• [Required action]: Without copying any pictures, restate exactly the lines from the start of the records through the line containing "Kardinalens røde hat af William X. Kienzle".
------ Exercise input
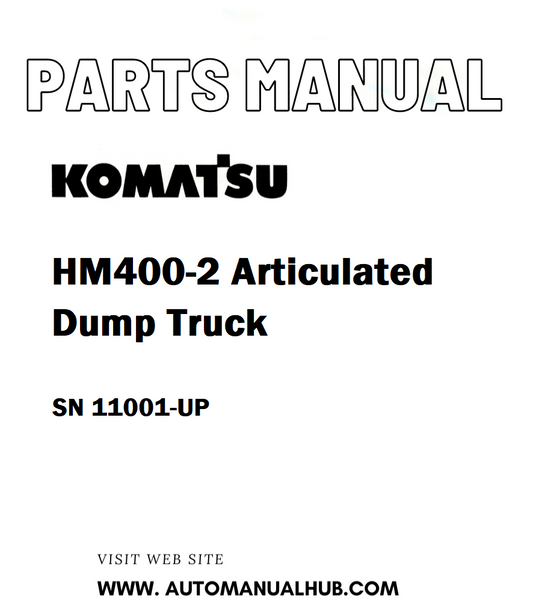 Komatsu HM400-2 Articulated Dump Truck Parts Manual SN 11001-UP - PDF
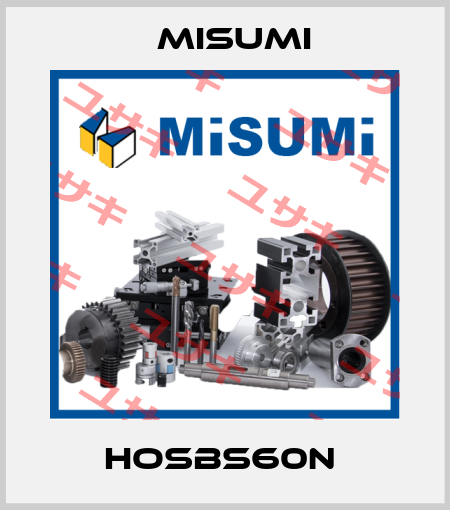 HOSBS60N  Misumi
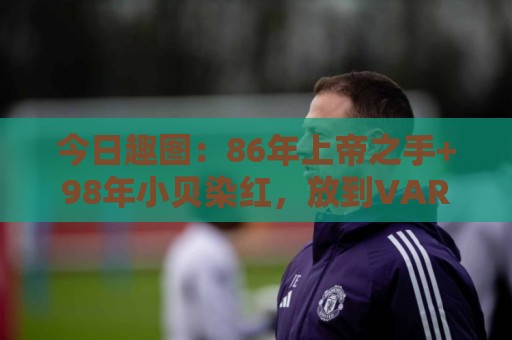 今日趣图：86年上帝之手+98年小贝染红，放到VAR时代会是什么剧本
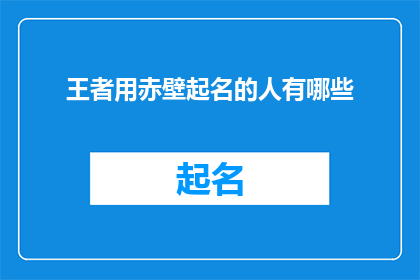 王者用赤壁起名的人有哪些(谁是那些以赤壁为灵感，为王者游戏起名的创作者？)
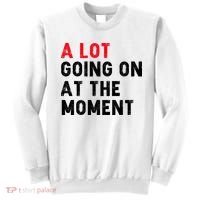 Not A Lot Going On At The Moment Sweatshirt thumb 0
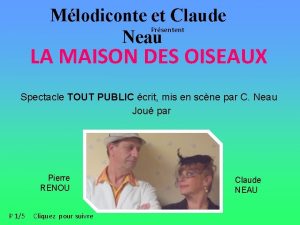 Mlodiconte et Claude Prsentent Neau LA MAISON DES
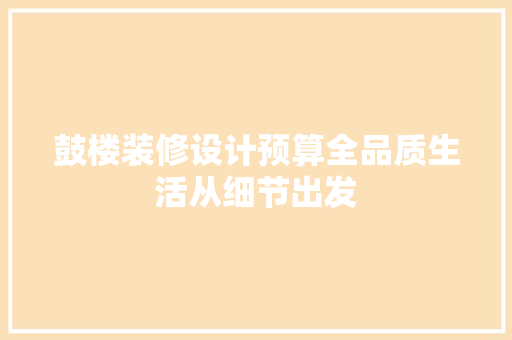 鼓楼装修设计预算全品质生活从细节出发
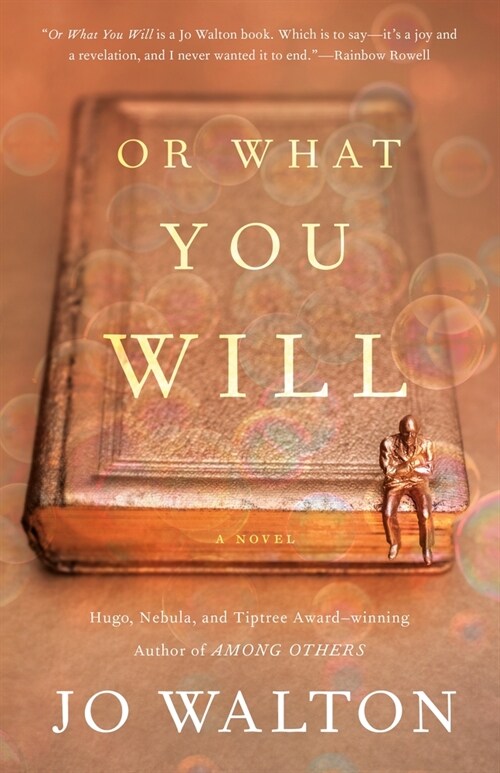 Or What You Will (Paperback)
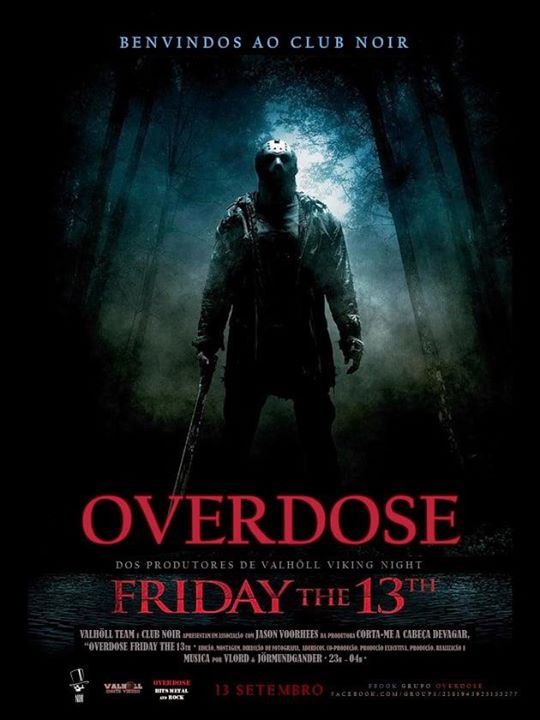 OVERDOSE FRIDAY THE 13TH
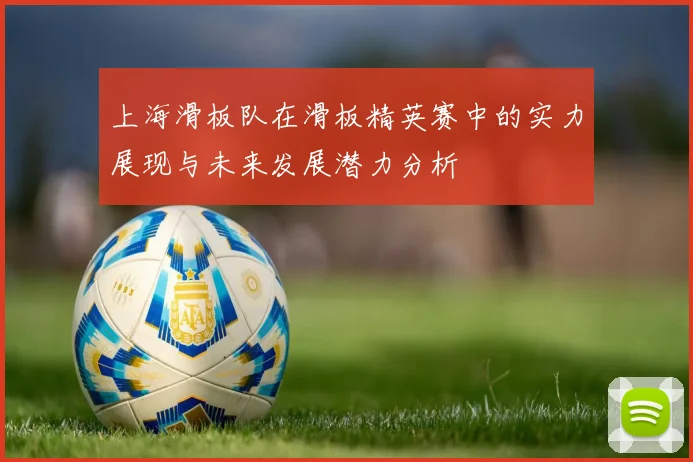 上海滑板队在滑板精英赛中的实力展现与未来发展潜力分析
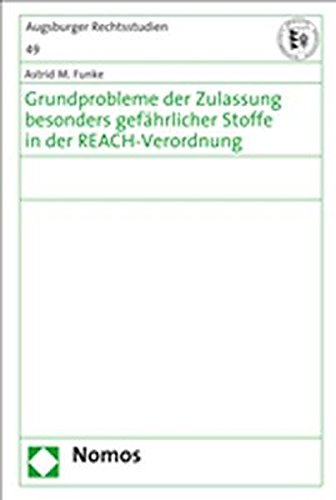 Grundprobleme der Zulassung besonders gefährlicher Stoffe in der REACH-Verordnung Grundprobleme der Zulassung besonders gefährlicher Stoffe in der REACH-Verordnung von Nomos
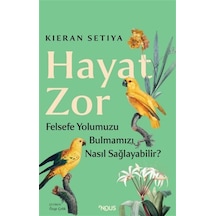 Hayat Zor: Felsefe Yolumuzu Bulmamıza Nasıl Yardım Edebilir /...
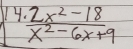  (2x^2-18)/x^2-6x+9 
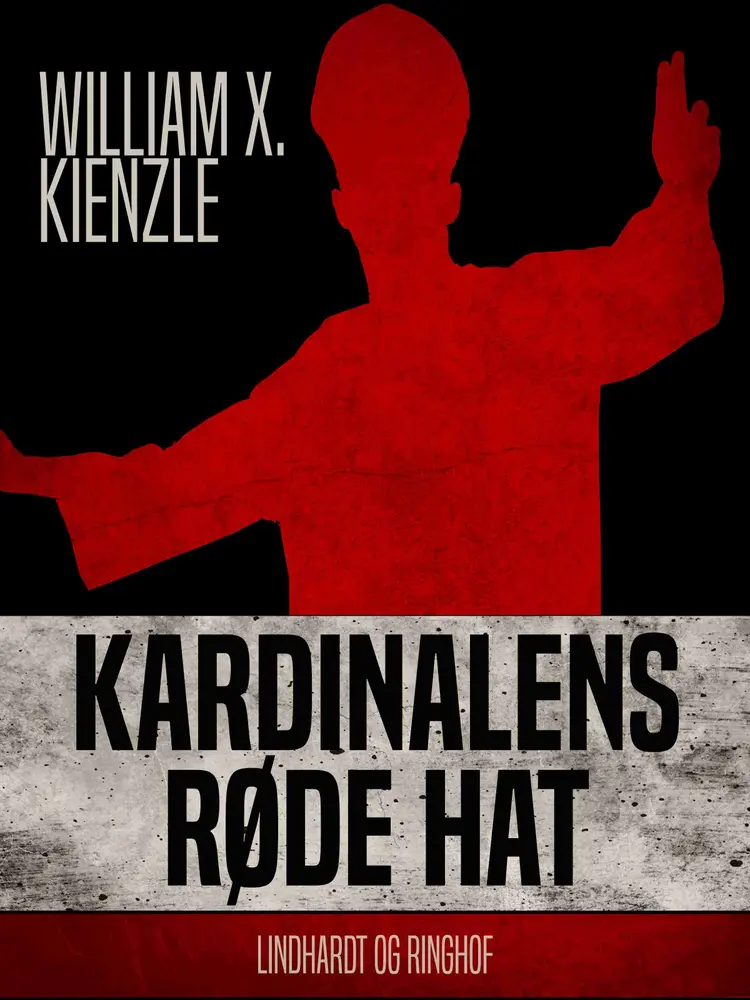 Kardinalens røde hat af William X. Kienzle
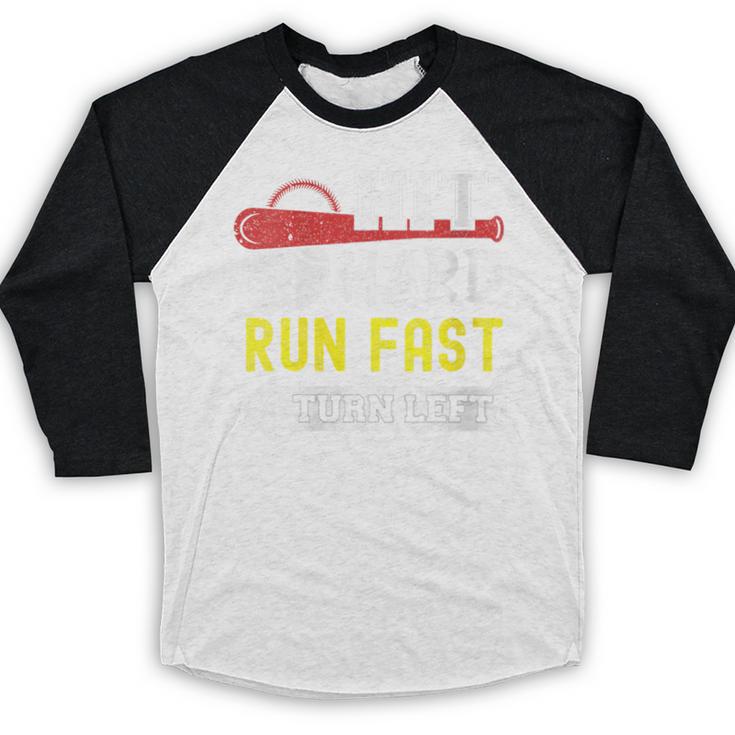 Women's Hit Hard Run Fast Turn Left Baseball Quote Fan Coach Baseball Raglan Shirt Women's Hit Hard Run Fast Turn Left Baseball Quote Fan Coach Baseball Raglan Shirt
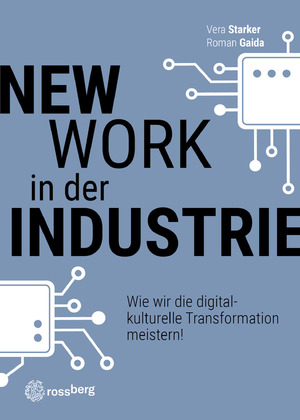 neues Buch – Starker, Vera; Gaida – New Work in der Industrie - Wie wir die digital-kulturelle Transformation meistern!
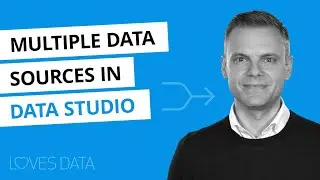 Adding Multiple Data Sources in Google Data Studio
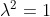 \lambda^2=1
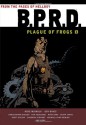 B.P.R.D.: Plague of Frogs 1 - Mike Mignola, Christopher Golden, Geoff Johns, Michael Avon Oeming, Ryan Sook, Cameron Stewart, Scott Kolins, Guy Davis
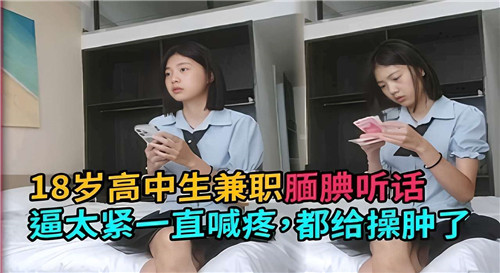 18岁高中生偷偷兼职 腼腆听话嫩穴紧夹喊疼 被狂顶到红肿高潮迭起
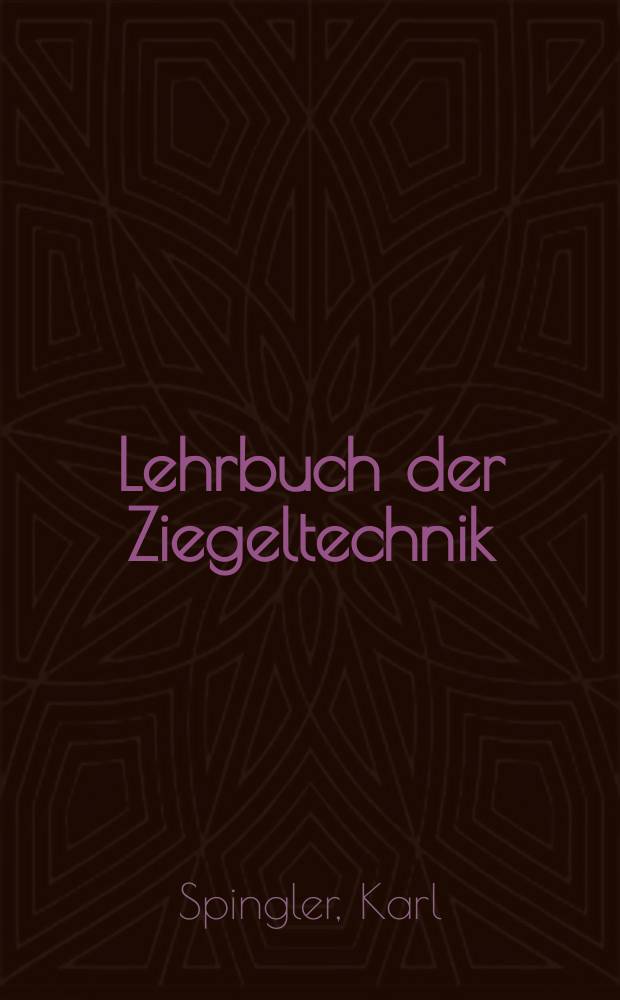 Lehrbuch der Ziegeltechnik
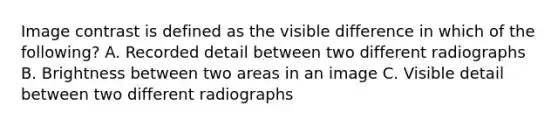 Image contrast is defined as the visible difference in which of the following? A. Recorded detail between two different radiographs B. Brightness between two areas in an image C. Visible detail between two different radiographs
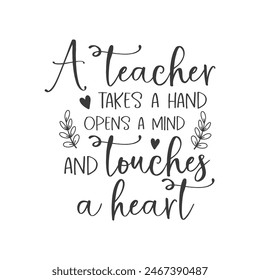 A teacher takes a hand opens a mind and touches a heart slogan inscription. Teacher vector quote. Illustration for prints on t-shirts and bags, posters, cards. Isolated on white background. 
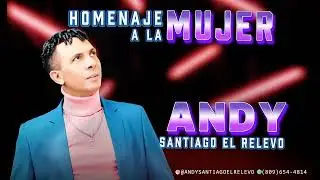 Andy Santiago El Relevo, Homenaje a La Mujer (Oficial Audio)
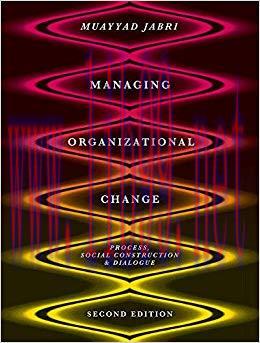 (PDF)Managing Organizational Change: Process, Social Construction and Dialogue 2nd Edition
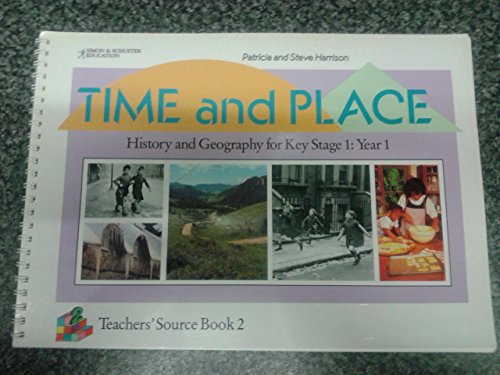 Time and Place (Time & Place) (Bk.2) (9780750100816) by Unknown Author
------------
• [Task answer]:
 Komatsu HM400-2 Articulated Dump Truck Parts Manual SN 11001-UP - PDF
 HOSBS60N  Misumi
 今日趣图：86年上帝之手+98年小贝染红，放到VAR时代会是什么剧本
 王者用赤壁起名的人有哪些(谁是那些以赤壁为灵感，为王者游戏起名的创作者？)
 Not A Lot Going On At The Moment Sweatshirt thumb 0
 Mlodiconte et Claude Prsentent Neau LA MAISON DES
 鼓楼装修设计预算全品质生活从细节出发
 Or What You Will (Paperback)
 OVERDOSE FRIDAY THE 13TH
 上海滑板队在滑板精英赛中的实力展现与未来发展潜力分析
 Grundprobleme der Zulassung besonders gefährlicher Stoffe in der REACH-Verordnung Grundprobleme der Zulassung besonders gefährlicher Stoffe in der REACH-Verordnung von Nomos
 Hayat Zor: Felsefe Yolumuzu Bulmamıza Nasıl Yardım Edebilir /...
  (2x^2-18)/x^2-6x+9 
 Kardinalens røde hat af William X. Kienzle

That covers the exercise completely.